By Marie Spano, M.S., R.D., Contributing Editor
From the Atkins diet to some forms of the Paleo diet, high-protein diets are common for weight loss. Such diets restrict carbohydrate intake so the body goes into ketosis, a metabolic state where it burns its own fat for fuel. How effective are these and what are the parameters?
Ketosis is achieved by limiting carbohydrate intake, resulting in decreased glucose availability, favoring fatty-acid oxidation. Fat is converted into fatty acids and ketone bodies, leading to increased blood ketones that serve as a fuel source for cells that cannot use fatty acids for energy. As an alternate fuel source, ketones attenuate muscle-tissue breakdown for energy production (Cleveland Clinical Journal of Medicine, 2002; 69:849-962; Nutrition and Traumatic Brain Injury, National Academies Press, 2011).
A ketogenic diet is one that is low in carbohydrate, though there is no universal standard for the carbohydrate, protein or fat content. However, studies have outlined varying amounts of carbohydrate to induce ketosis. One residential study in obese men used an ad libitum diet containing 4% carbohydrate, 66% protein and 30% fat, which induced ketosis after one to three days (American Journal of Clinical Nutrition, 2008; 87:44-55). Other researchers defined a low-carbohydrate ketogenic diet as one containing a maximum of 50 grams of carbohydrate per day regardless of fat and protein content (Current Atherosclerosis Reports, 2003; S:476-483). And, the traditional ketogenic diet, used as a treatment for pediatric epilepsy, is described as one that contains a fat-to-protein ratio of 4:1. Overall, studies and clinical experience suggest there is a maximum dietary carbohydrate threshold of 65 to 180 grams per day to initiate lipolysis and ketosis (American Journal of Physiology, 1992; 262:E631-E636).

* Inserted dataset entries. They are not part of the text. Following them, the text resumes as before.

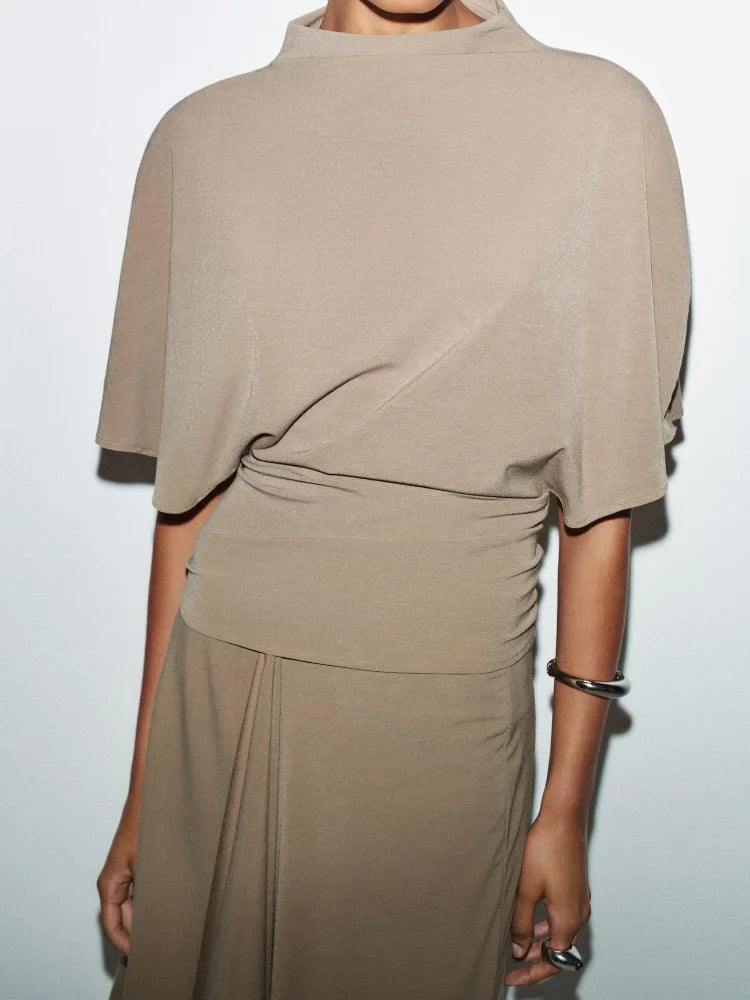Fashion Elegant Casual Top Skirt Sets High Neck Loose Crop Shirt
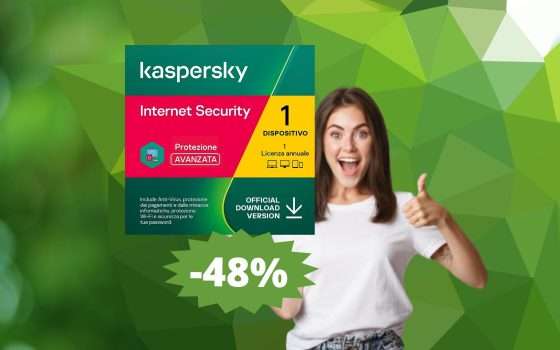 Kaspersky Internet Security 2023: sconto FOLLE del 48%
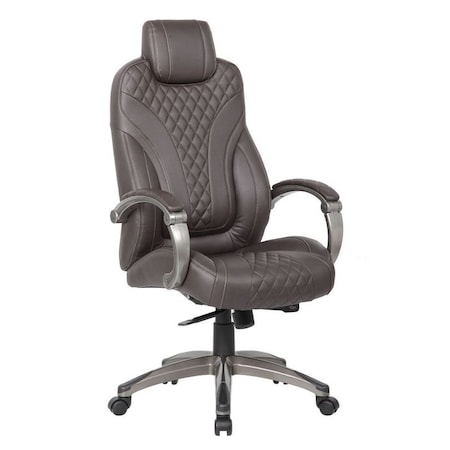 Boss Office Products Executive Comfort Chair, Brown Vinyl, Flex Arms B8871P-BB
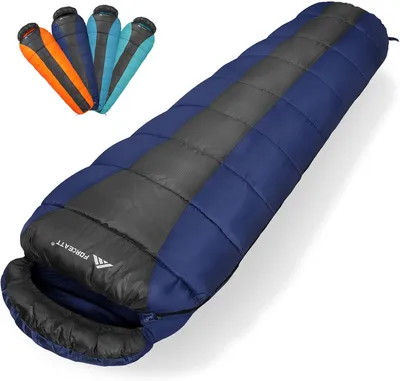 Produktbild von Mummyschlafsack Erwachsene 3 Jahreszeiten, wasserdicht, 1400 g, für Camping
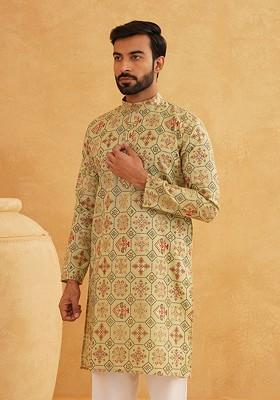 Green Ethnic Motifs Poly Blend Kurta For Men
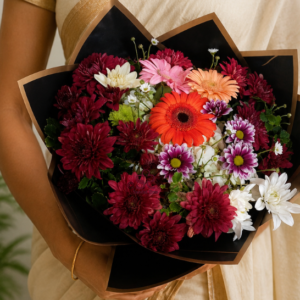 Vibrant Mixed Gerbera & Chrysanthemum Bouquet in Premium Black & Gold Wra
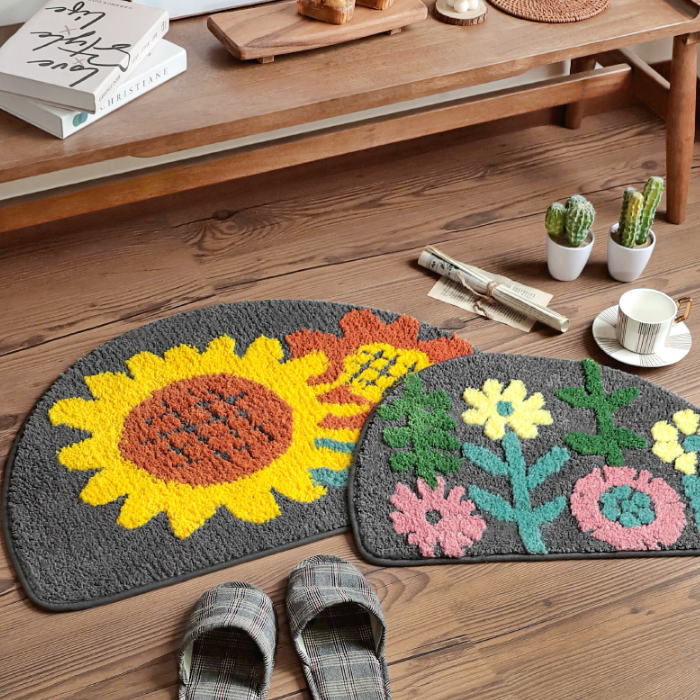 해바라기 현관발매트 반달형 화장실매트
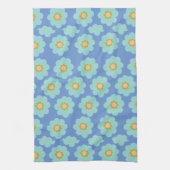 Blue Hippie Flowers Theedoek (Verticaal)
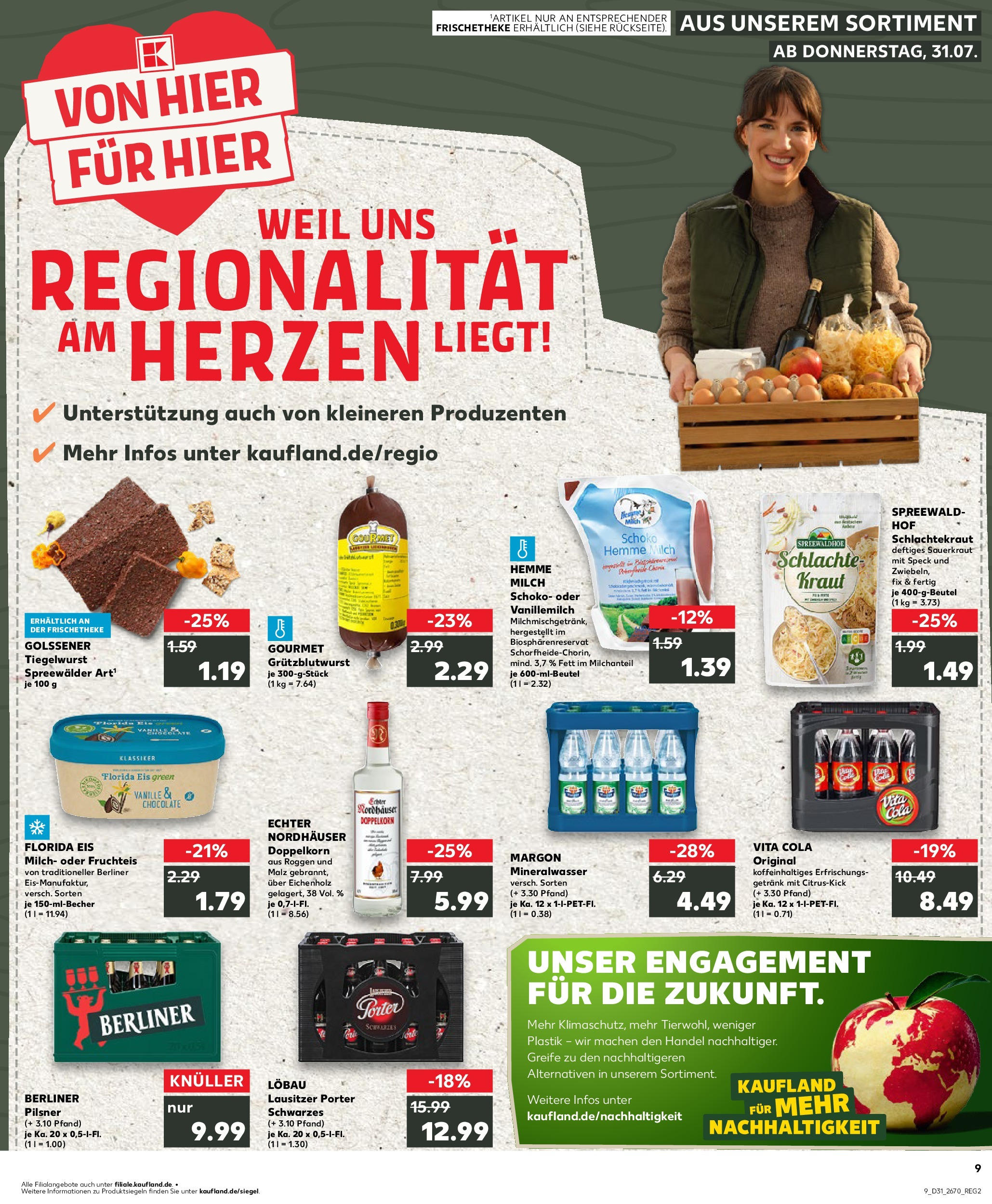 Prospekt Kaufland ab 31.07.2025 » Angebote und Werbung Online | Seite: 9 | Produkte: Mineralwasser, Kraut, Eis, Berliner pilsner Prospekt Kaufland ab 31.07.2025 » Angebote Online zum Blättern | Seite: 9 | Produkte: Mineralwasser, Kraut, Eis, Berliner pilsner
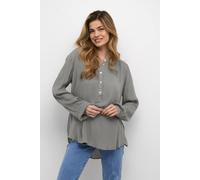 Kaffe Karla Amber Long Sleeve Shirt In Mid Grey Mid Grey 8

Low-carbohydrate ketogenic diets are a viable dietary approach to obesity because ketosis can decrease hunger levels and subsequent calorie intake (American Journal of Clinical Nutrition, 2008; 87:44-55). In addition, a traditional ketogenic diet, marked by its high fat content and reduced carbohydrate and protein content, reduces serum insulin levels, leading to a low insulin/glucagon ratio and lipolysis. Finally, studies show low-carbohydrate ketogenic diets decrease fasting blood glucose levels, blood triglycerides and high-density lipoprotein (HDL) cholesterol in obese adults (Current Atherosclerosis Reports, 2003; S:476-483; American Journal of Clinical Nutrition, 2008; 87:44-55).
Because ketogenic diets are low in carbohydrate, they may fall short on fiber, vitamins A, C and E, thiamin, folic acid, iron, calcium and magnesium (Cleveland Clinic Journal of Medicine, 2002; 69:849-862; American Journal of Clinical Nutrition, 2010; 92:304-312; The American Journal of Cardiology, 2001; 88:59-61). However, to date, most studies on low-carbohydrate diets, including low-carbohydrate ketogenic diets, have included a multivitamin. In addition, some have also included sodium and potassium supplements (American Journal of Clinical Nutrition, 2007;8 6:276-284).
And though research suggests that ketogenic diets are safe in the short term, they should be followed only under medical supervision (The New England Journal of Medicine, 2008; 359:221-241).